I am not familiar with Logseq’s internals, but I think a plugin would be the way to start initially and let different ideas compete. Later on it might become integrated into the core.
I personally very much dislike these ancient classification systems, because I wasted a lot of my life trying to organize things in such a way. I see people on the Zotero and Calibre forums ask all of the time how they can maintain their library as a folder structure sorted by author/title etc, so these ideas are alive and still doing a lot of harm.

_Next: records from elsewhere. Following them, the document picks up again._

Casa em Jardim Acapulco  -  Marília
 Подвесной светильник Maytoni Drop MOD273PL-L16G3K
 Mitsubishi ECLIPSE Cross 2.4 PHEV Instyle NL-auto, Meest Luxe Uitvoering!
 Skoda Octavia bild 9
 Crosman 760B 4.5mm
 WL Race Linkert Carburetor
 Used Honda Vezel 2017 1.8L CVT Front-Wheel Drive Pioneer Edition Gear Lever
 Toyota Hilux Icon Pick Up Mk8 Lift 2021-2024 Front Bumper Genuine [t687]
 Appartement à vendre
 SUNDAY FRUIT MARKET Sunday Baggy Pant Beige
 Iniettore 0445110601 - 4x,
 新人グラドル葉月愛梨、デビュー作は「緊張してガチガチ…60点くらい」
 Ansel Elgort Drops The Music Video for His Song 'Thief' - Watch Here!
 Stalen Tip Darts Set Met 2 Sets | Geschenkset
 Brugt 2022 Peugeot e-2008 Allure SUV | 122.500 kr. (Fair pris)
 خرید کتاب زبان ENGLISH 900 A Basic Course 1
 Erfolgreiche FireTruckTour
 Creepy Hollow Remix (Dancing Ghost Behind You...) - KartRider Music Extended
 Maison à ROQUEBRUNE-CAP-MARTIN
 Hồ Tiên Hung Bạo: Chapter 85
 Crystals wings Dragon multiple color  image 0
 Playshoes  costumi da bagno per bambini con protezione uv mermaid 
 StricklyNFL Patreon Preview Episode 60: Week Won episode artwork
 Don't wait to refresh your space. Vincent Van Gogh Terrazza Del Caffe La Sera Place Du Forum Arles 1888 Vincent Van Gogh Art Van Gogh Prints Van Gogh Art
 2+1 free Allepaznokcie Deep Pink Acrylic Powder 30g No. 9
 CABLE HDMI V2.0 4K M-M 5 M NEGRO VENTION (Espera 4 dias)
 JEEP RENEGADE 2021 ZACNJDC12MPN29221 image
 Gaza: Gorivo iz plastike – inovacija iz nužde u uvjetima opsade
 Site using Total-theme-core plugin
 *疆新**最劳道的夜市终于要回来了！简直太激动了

My worry is that, because everyone is familiar with library classifications, people might think that this is the state of the art and oppose far superior approaches.
I’ve received massive pushback at work trying to implement something that would have been trivial in a database, but management wanted and got a hierarchical folder structure that was virtually unsearchable and a complete failure.
I suspect that any proposal will get some pushback as well, saying that we can solve the issue with tags or with the rudimentary hierarchical page structure that already exists. This is why we have to explain very clearly how these old systems were made to deal with physical realities of index cards (à la Luhmann’s Zettelkasten) and items stored on shelves.
That’s why I like the SKOS concepts, they allow indices, (poly) hierarchies, and they can also be completely ignored and fall back on what we have now.
sounds good
I dislike specifying the full hierarchy for every item. That would also require memorizing the taxonomy or relying on autocomplete.
My thought was to have a separate taxonomy file that specifies the relationships between tags. In the case of taxonomies, these are very simple nested lists. In the case of general SKOS concepts it is more complex and would require writing down the relations, but this could also be mapped to Markdown.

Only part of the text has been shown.